▶ **PROBLEM**:
With pictures left out, retype exactly the lines from the one containing "ワンポイントロゴカーディガン SL676" through the final line of the entries.
=== INPUT FOR THIS TASK ===
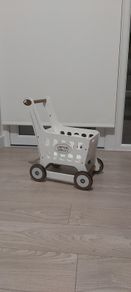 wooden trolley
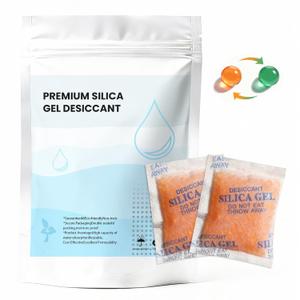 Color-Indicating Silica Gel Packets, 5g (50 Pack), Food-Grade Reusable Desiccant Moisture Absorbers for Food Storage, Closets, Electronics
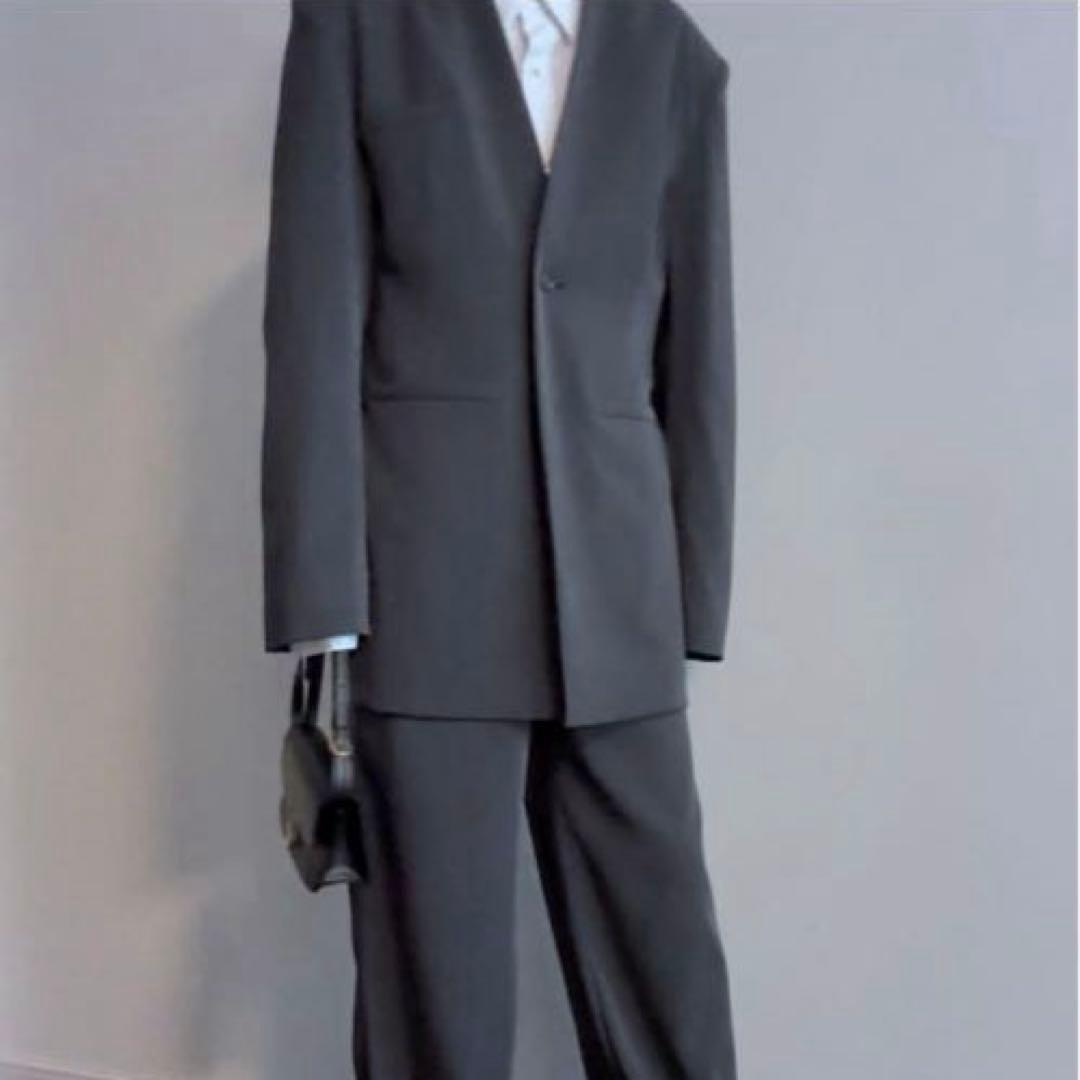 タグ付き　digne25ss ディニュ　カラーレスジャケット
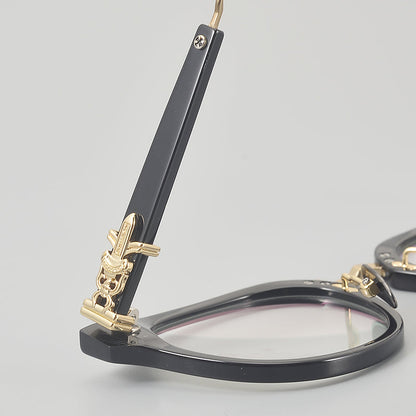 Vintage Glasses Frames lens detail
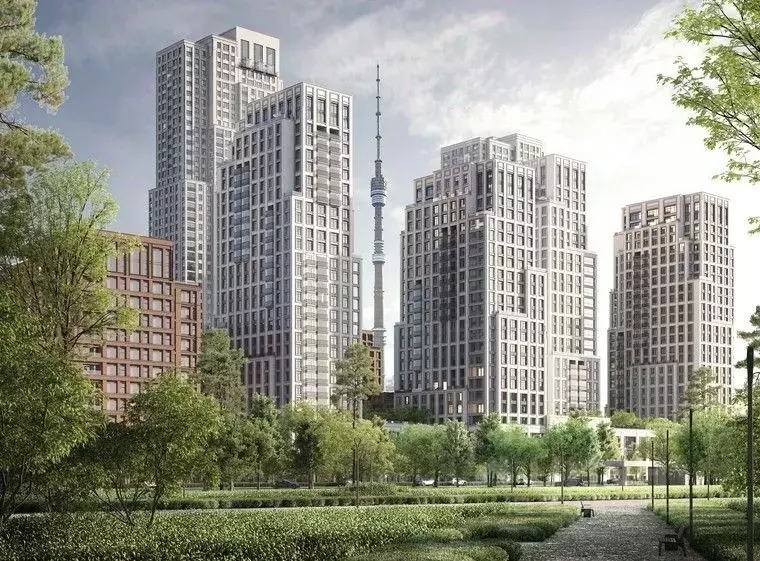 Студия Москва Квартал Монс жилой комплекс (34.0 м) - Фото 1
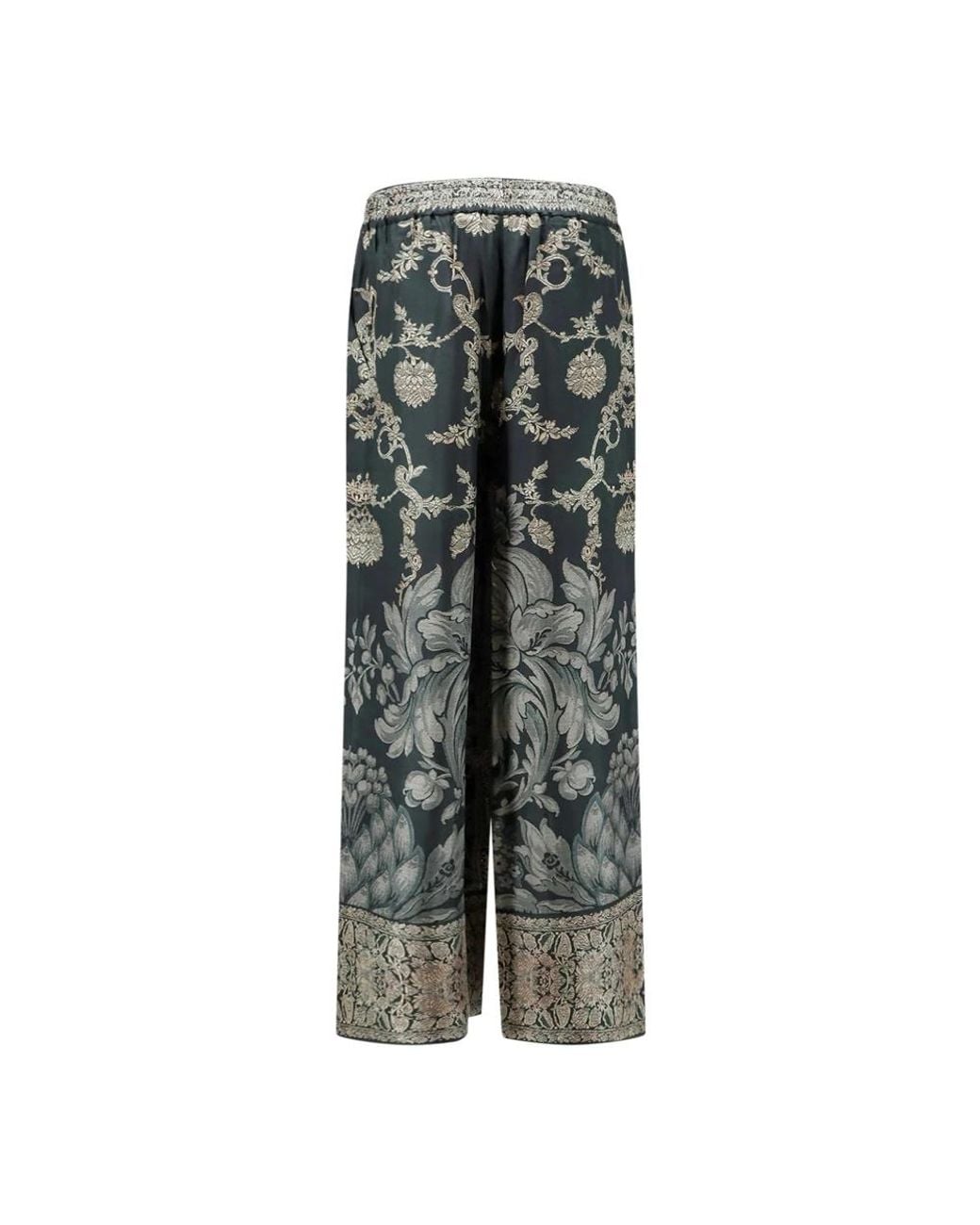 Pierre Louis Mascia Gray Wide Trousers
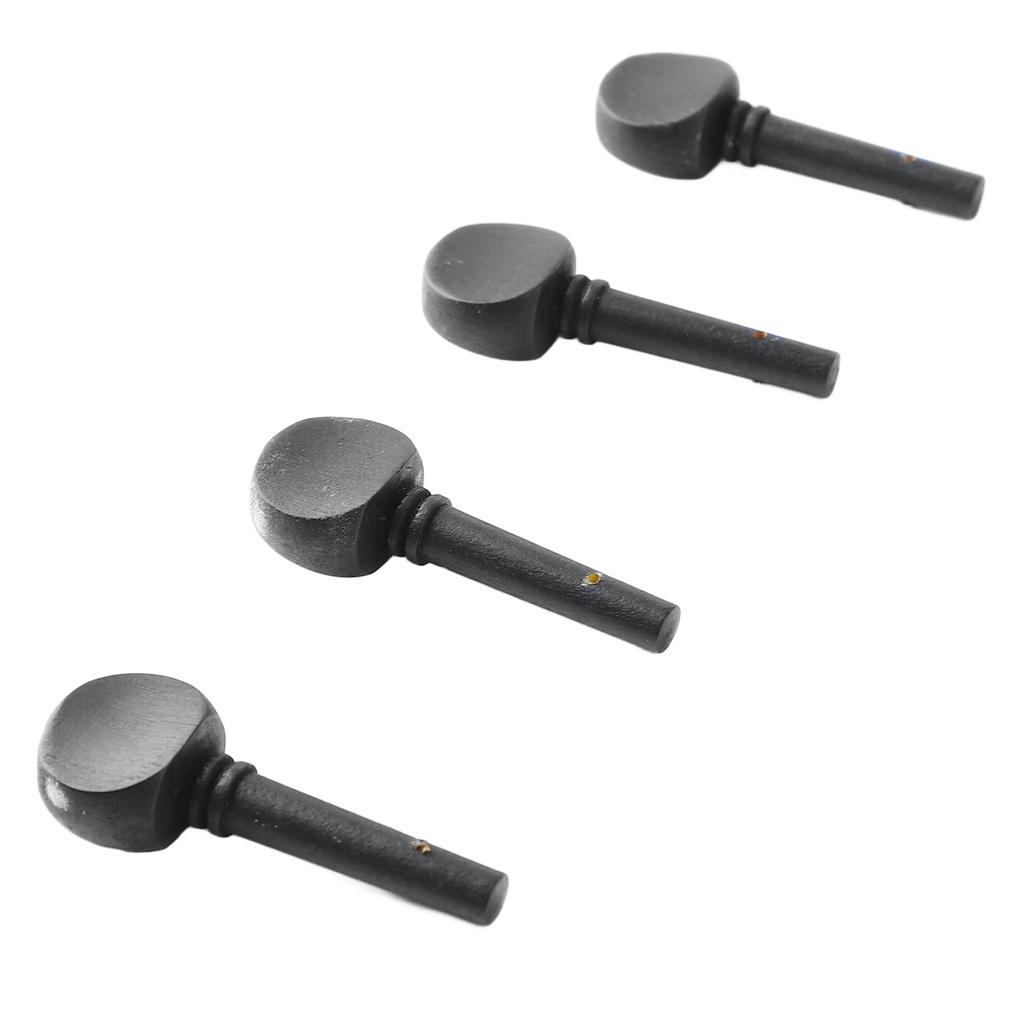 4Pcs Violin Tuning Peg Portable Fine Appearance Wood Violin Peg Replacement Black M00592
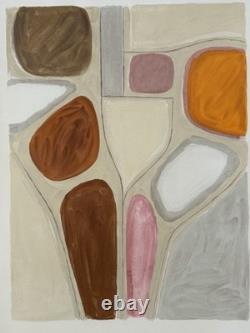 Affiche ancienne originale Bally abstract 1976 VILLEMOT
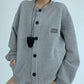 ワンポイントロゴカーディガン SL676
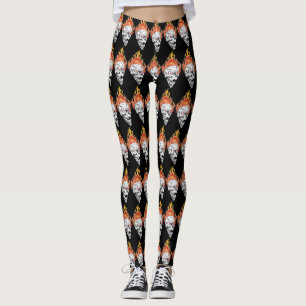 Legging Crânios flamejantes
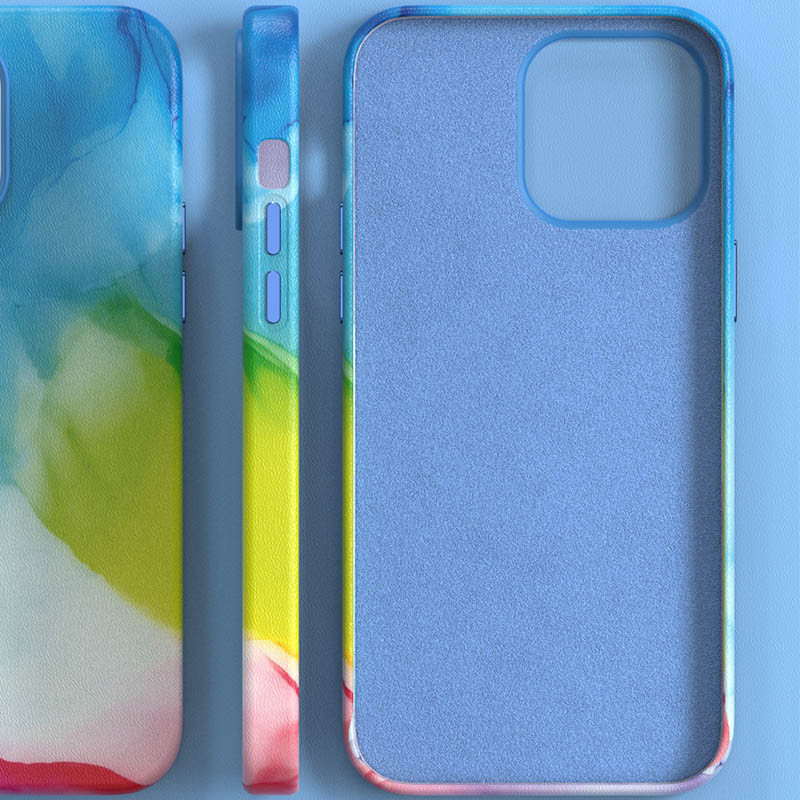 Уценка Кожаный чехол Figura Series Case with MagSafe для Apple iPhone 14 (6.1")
===
▶ **WRITTEN ANSWER**:
 ワンポイントロゴカーディガン SL676
 Legging Crânios flamejantes
 Уценка Кожаный чехол Figura Series Case with MagSafe для Apple iPhone 14 (6.1")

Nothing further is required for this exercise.